The movement to term limit Florida School Board members picked up a big victory last Saturday, winning support from 85 percent of voters in a Jacksonville straw poll.
The poll, sponsored by WBOB and News4Jax, also invited participants to weigh in on several statewide and local races. But no candidate came close to matching the support for term limits, which received 128 votes of support to only 22 against.
“The era of career politicians is over,” said Nick Tomboulides, Executive Director of U.S. Term Limits, who spoke at the event. “This confirms the people of Florida have seen the benefits of eight-year term limits and want to expand that to school boards.”
U.S. Term Limits is encouraging Florida’s Constitutional Revision Commission (CRC) to let voters decide in November whether the state Constitution should be amended to include an eight-year limit for all school boards. CRC Commissioner Erika Donalds, a Collier County School Board member, is sponsoring the measure (Proposals 43 and 6003). It needs a “yes” vote from 22 of the Commission’s 37 members to make the fall ballot.
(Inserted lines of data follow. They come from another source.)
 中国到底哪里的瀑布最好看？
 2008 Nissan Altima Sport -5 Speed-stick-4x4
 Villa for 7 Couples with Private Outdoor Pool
Currently, the Florida Constitution limits the Governor, Cabinet and State Legislature to eight years. Citizen-created referenda have also resulted in term limits for a representative majority of county commissioners. But, with the exception of Duval County, zero school boards in Florida have term limits.
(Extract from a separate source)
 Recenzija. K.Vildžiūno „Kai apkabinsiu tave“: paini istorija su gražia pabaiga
In his remarks, Tomboulides noted that Jacksonville was the birthplace of the term limits movement in Florida, passing a citizen initiative to term limit their City Council in 1991, with 82 percent of the vote. That was even before the statewide ballot measure in 1992.
“The citizens of Jacksonville knew before anybody else that term limits could renew democracy, reduce corruption and deliver fresh ideas,” he added. “How fitting that this city is also a trailblazer for school board term limits.”